• What the task requires:
Text only, exactly as given: reproduce the entries below without their pictures.
=====
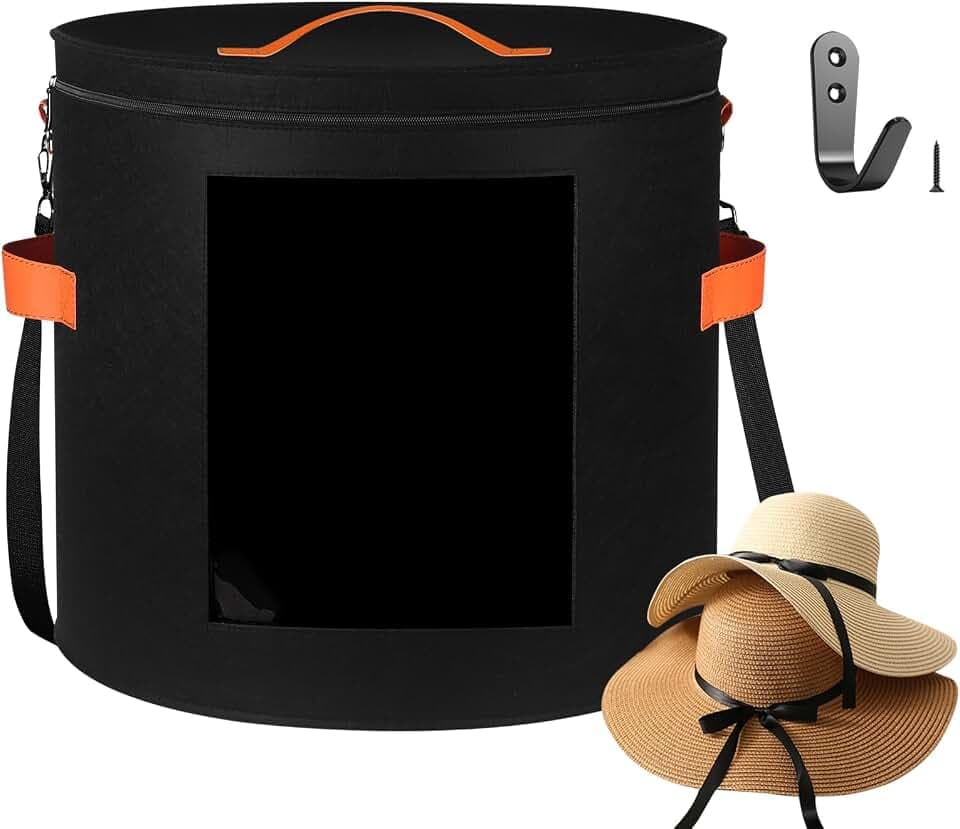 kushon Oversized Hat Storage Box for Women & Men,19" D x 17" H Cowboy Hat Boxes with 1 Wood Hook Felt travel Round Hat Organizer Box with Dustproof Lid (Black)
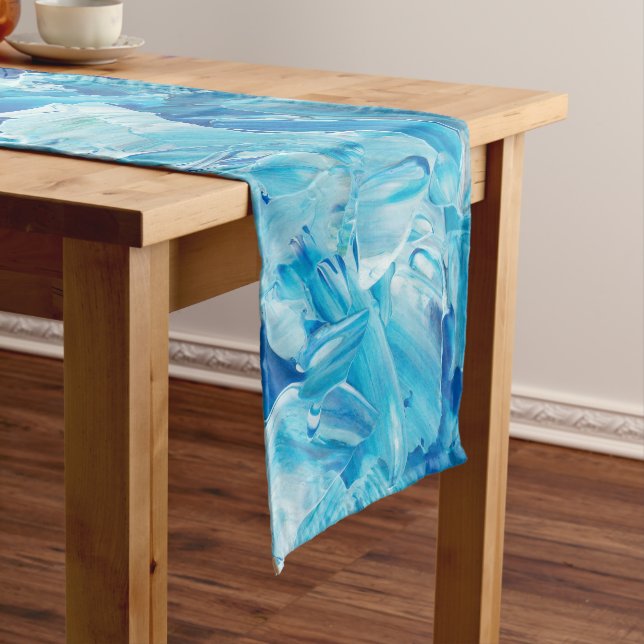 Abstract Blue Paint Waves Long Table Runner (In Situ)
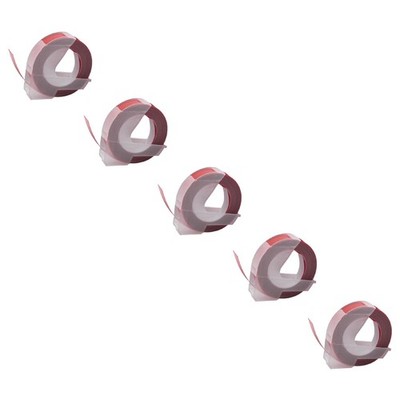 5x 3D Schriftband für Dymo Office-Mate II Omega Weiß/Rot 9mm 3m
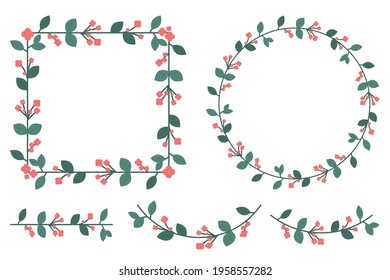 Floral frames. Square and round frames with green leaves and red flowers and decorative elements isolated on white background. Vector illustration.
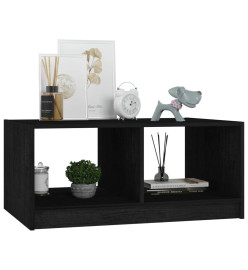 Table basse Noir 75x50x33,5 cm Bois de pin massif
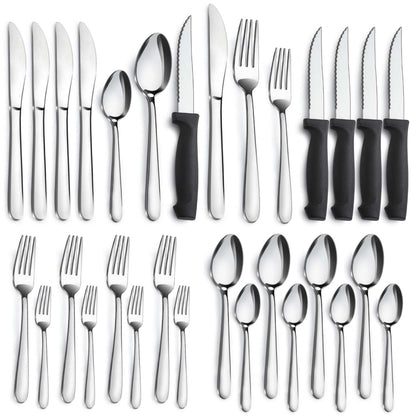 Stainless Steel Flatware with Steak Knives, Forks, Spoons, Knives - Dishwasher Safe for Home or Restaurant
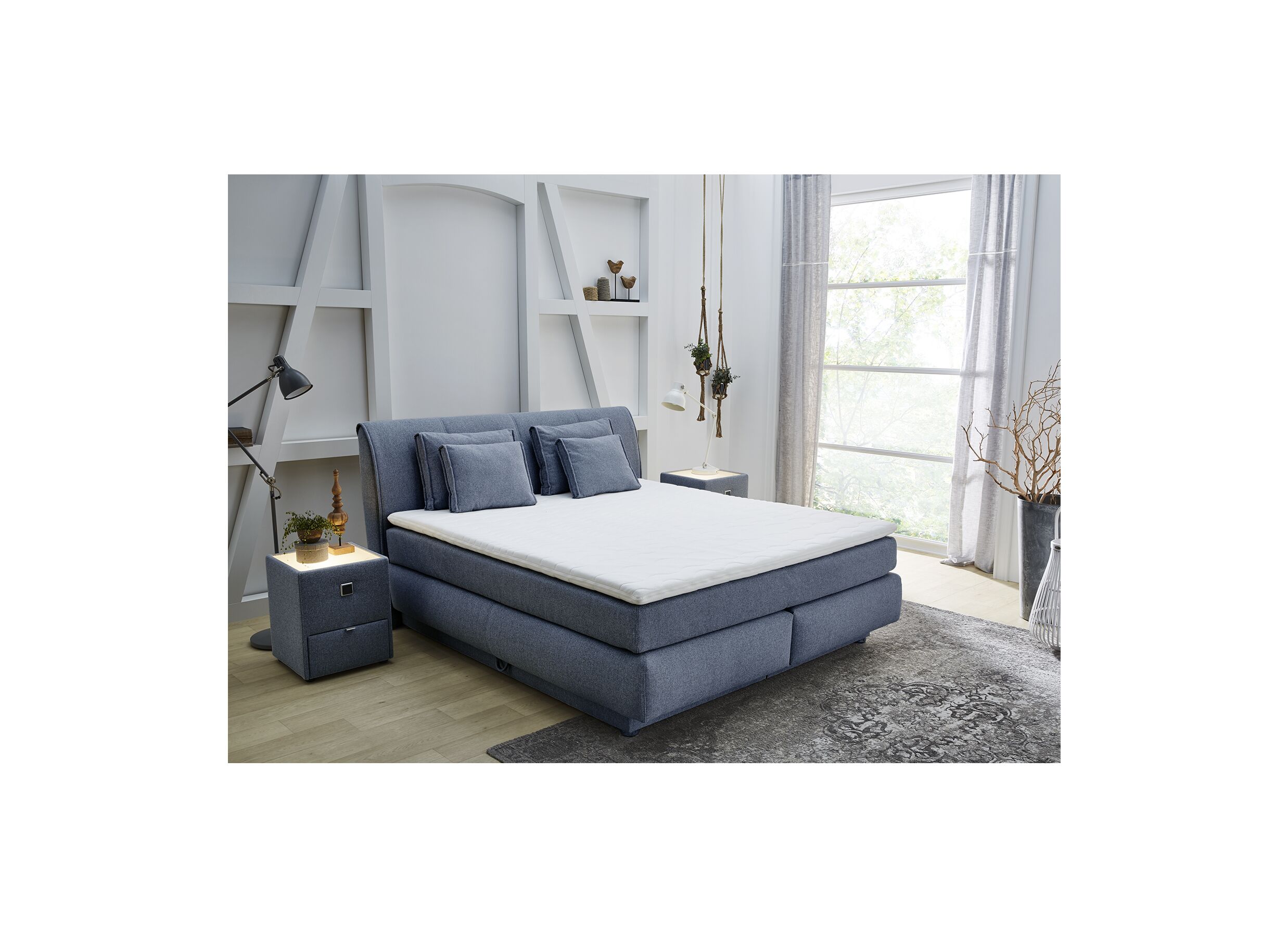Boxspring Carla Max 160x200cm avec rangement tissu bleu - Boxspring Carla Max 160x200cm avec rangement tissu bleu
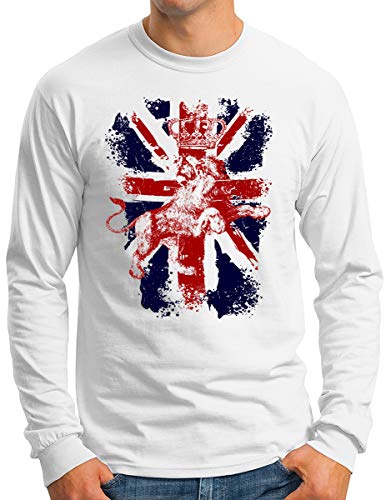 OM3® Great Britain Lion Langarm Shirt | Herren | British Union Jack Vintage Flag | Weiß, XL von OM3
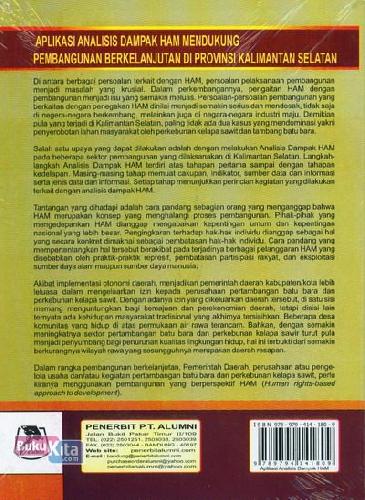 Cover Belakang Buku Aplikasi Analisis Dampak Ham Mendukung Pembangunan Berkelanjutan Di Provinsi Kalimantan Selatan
=====
• Result:
 kushon Oversized Hat Storage Box for Women & Men,19" D x 17" H Cowboy Hat Boxes with 1 Wood Hook Felt travel Round Hat Organizer Box with Dustproof Lid (Black)
 Abstract Blue Paint Waves Long Table Runner (In Situ)
 5x 3D Schriftband für Dymo Office-Mate II Omega Weiß/Rot 9mm 3m
 Floral frames. Square and round frames with green leaves and red flowers and decorative elements isolated on white background. Vector illustration.
 Table basse Noir 75x50x33,5 cm Bois de pin massif
 Stainless Steel Flatware with Steak Knives, Forks, Spoons, Knives - Dishwasher Safe for Home or Restaurant
Boxspring Carla Max 160x200cm avec rangement tissu bleu - Boxspring Carla Max 160x200cm avec rangement tissu bleu
 OM3® Great Britain Lion Langarm Shirt | Herren | British Union Jack Vintage Flag | Weiß, XL von OM3
 Cover Belakang Buku Aplikasi Analisis Dampak Ham Mendukung Pembangunan Berkelanjutan Di Provinsi Kalimantan Selatan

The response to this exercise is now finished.